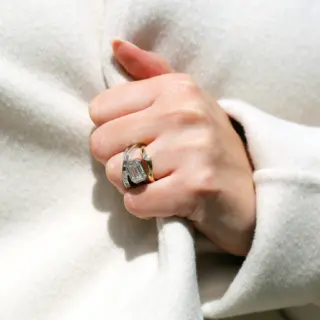 Close-up of Grace Lee’s wave band in white gold featuring a pear diamond in a high crest setting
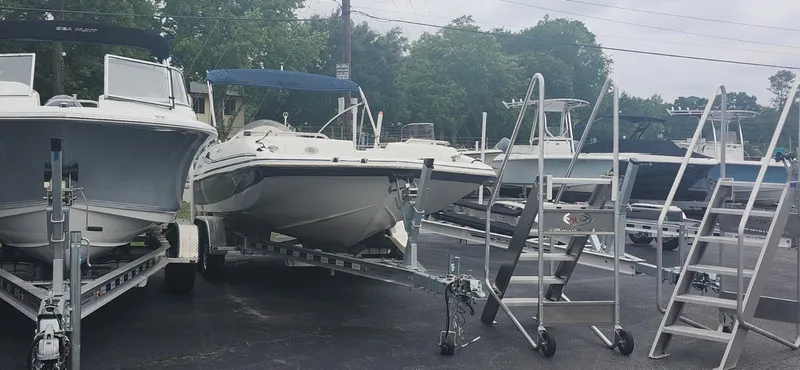 Slide: The Image of 2013 Hurricane SunDeck Sport 201 OB boat on trailer, surrounded by other boats and ladders. - 4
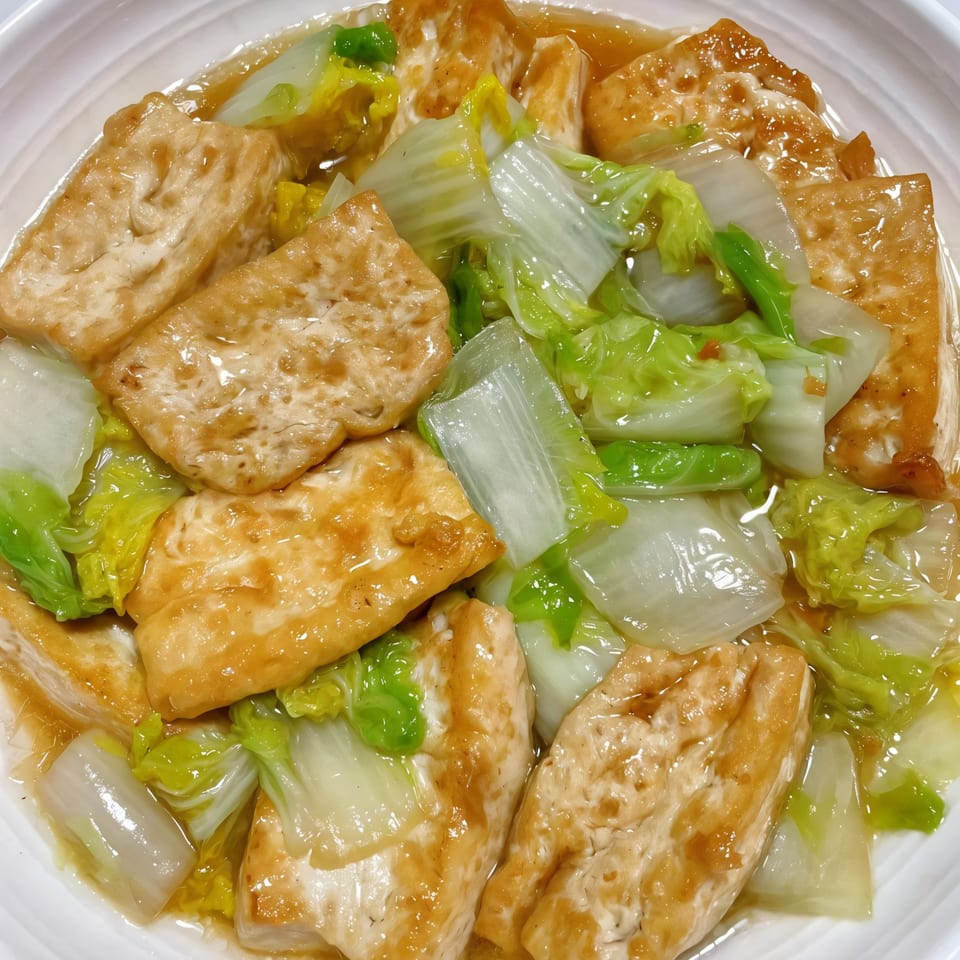 Chef Wang's braised tofu and bok choy in a savory sauce, served in a white bowl.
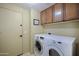 Functional laundry room with washer, dryer, and upper cabinets for storage at 9576 E Kiisa Dr, Scottsdale, AZ 85262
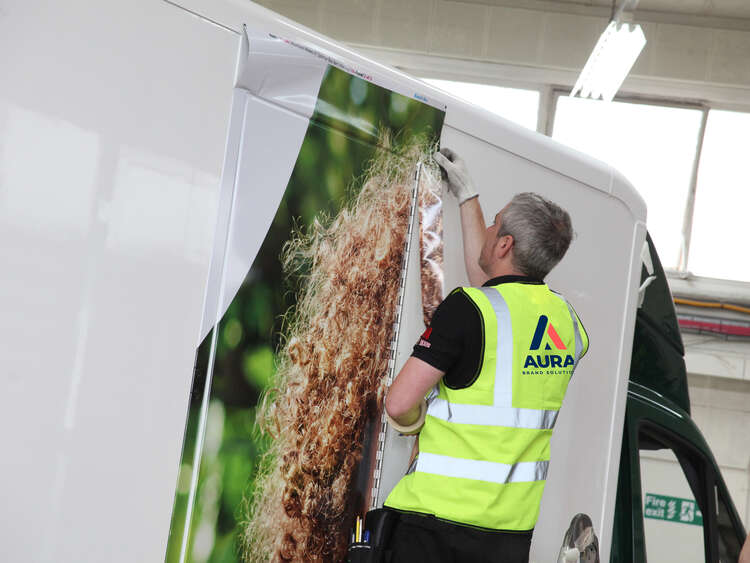 Aura Brand Solutions Fitter installs vehicle wrap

■ Task instructions
No pictures belong in the copy; output every record exactly.

■ Answer space
 Close-up of Grace Lee’s wave band in white gold featuring a pear diamond in a high crest setting
 Slide: The Image of 2013 Hurricane SunDeck Sport 201 OB boat on trailer, surrounded by other boats and ladders. - 4
 Chef Wang's braised tofu and bok choy in a savory sauce, served in a white bowl.
 Functional laundry room with washer, dryer, and upper cabinets for storage at 9576 E Kiisa Dr, Scottsdale, AZ 85262
 Aura Brand Solutions Fitter installs vehicle wrap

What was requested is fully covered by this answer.